Study protocol - Indigenous Australian social networks and the impact on smoking policy and programs in Australia: protocol for a mixed-method prospective study
Background Tobacco use is the most preventable cause of morbidity and mortality in Australia. Comprehensive tobacco control has reduced smoking rates in Australia from approximately 34 per cent in 1980 to 15 per cent in 2010. However, 46 per cent of Aboriginal and Torres Strait Islander people (Indigenous Australians) smoke on a daily basis, more than double the rate of non-Indigenous Australians. The evidence of effective tobacco control strategies for Indigenous Australians is relatively scarce. The aim of this study is to (i) explore the influences of smoking in Indigenous Australian people and to (ii) help inform and evaluate a multi-component tobacco control strategy. The study aims to answer the following questions: - do individuals' social networks influence smoking behaviours; - is there an association between various social and cultural factors and being a smoker or non-smoker; and - does a multi-component tobacco control program impact positively on tobacco behaviours, attitudes and beliefs in Indigenous Australians.

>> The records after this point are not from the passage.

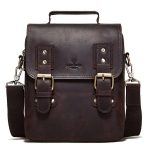 HUMERPAUL Leder Umhängetasche Herren Leder Rucksack Umhängetasche, MH601 (Brown)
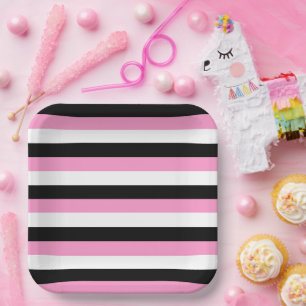 Black, White and Pink Stripes Paper Plate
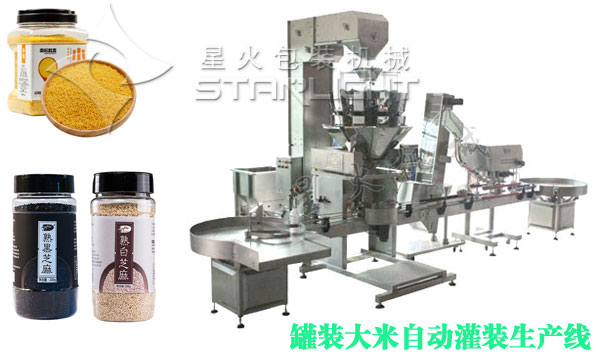 罐裝大米自動灌裝生產(chǎn)線-全自動大米灌裝機(jī)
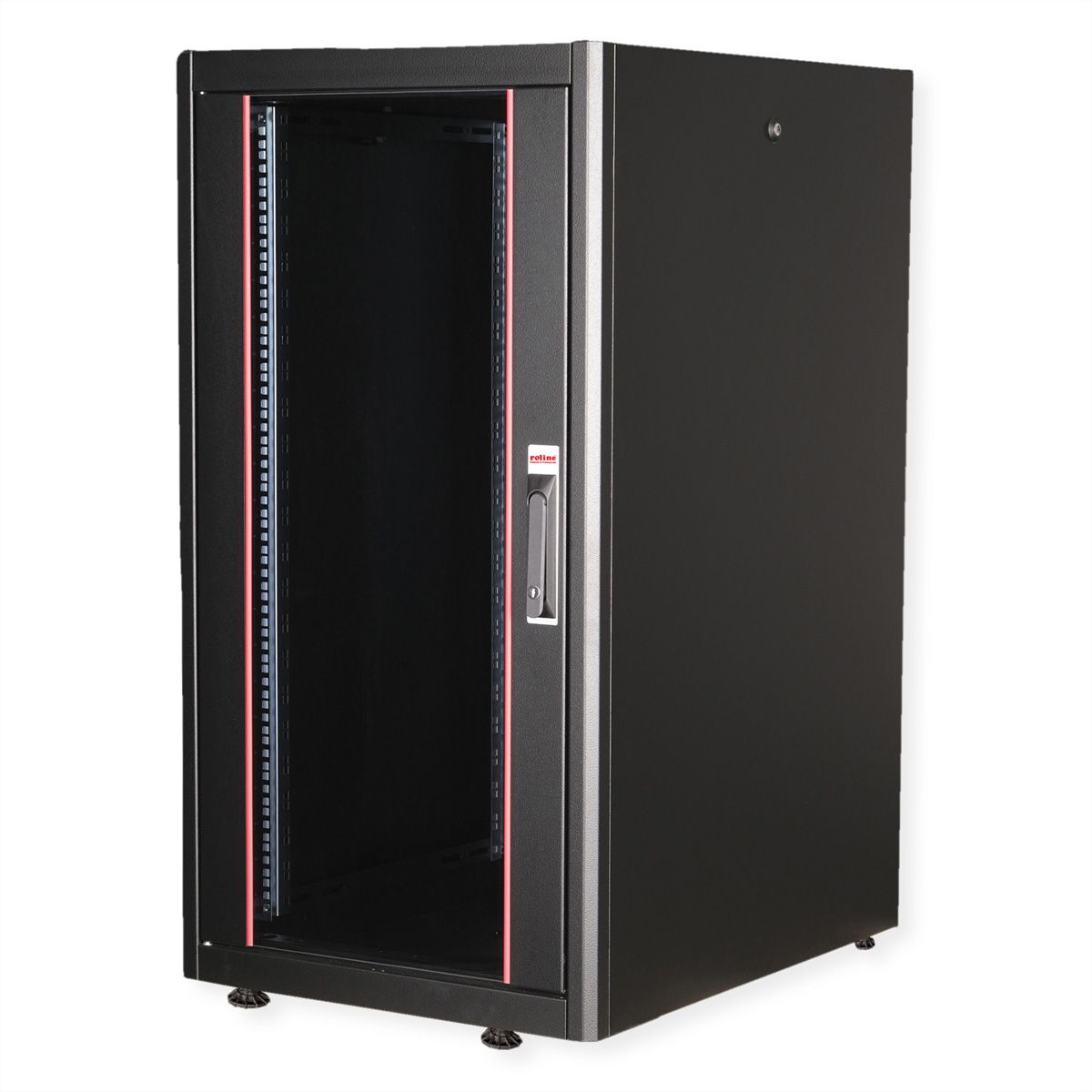 ROLINE 19" Baie réseau Basic 22U, 600x800 LxP Porte verre noir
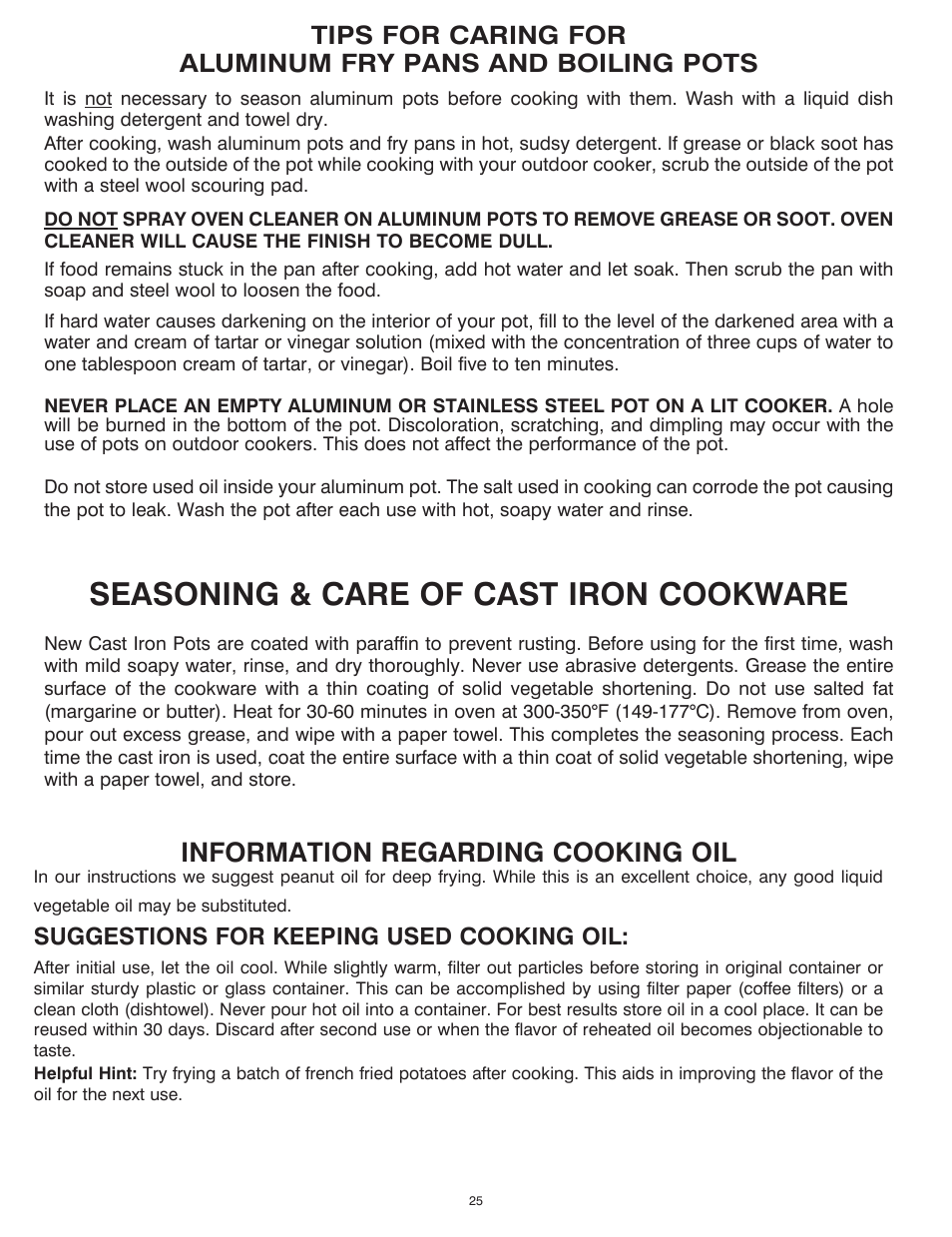 Seasoning & care of cast iron cookware, Information regarding cooking oil, Suggestions for keeping used cooking oil | King Kooker Cast Cooker User Manual | Page 25 / 32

Methods and design Our prospective study will use a mixed-method approach (qualitative and quantitative), including a pre- and post-test evaluation of a tobacco control initiative. The study will explore the social and cultural context underlying Indigenous Australian tobacco use and associated factors which influence smoking behaviour. Primary data will be collected via a panel survey, interviews and focus groups. Secondary data will include de-identified PBS items related to smoking and also data collected from the Quitlines call service. Network analysis will be used to assess whether social networks influence smoking behaviours. For the survey, baseline differences will be tested using chi 2 statistics for the categorical and dichotomous variables and t-tests for the continuous variables, where appropriate. Grounded theory will be used to analyse the interviews and focus groups. Local Aboriginal community controlled organisations will partner in the study. Discussion Our study will explore the key factors, including the influence of social networks, that impact on tobacco use and the extent to which smoking behaviours transcend networks within the Indigenous Australian community in the ACT. This will add to the evidence-base, identifying influential factors to tobacco use and the effectiveness and influence of a multi-component tobacco control strategy.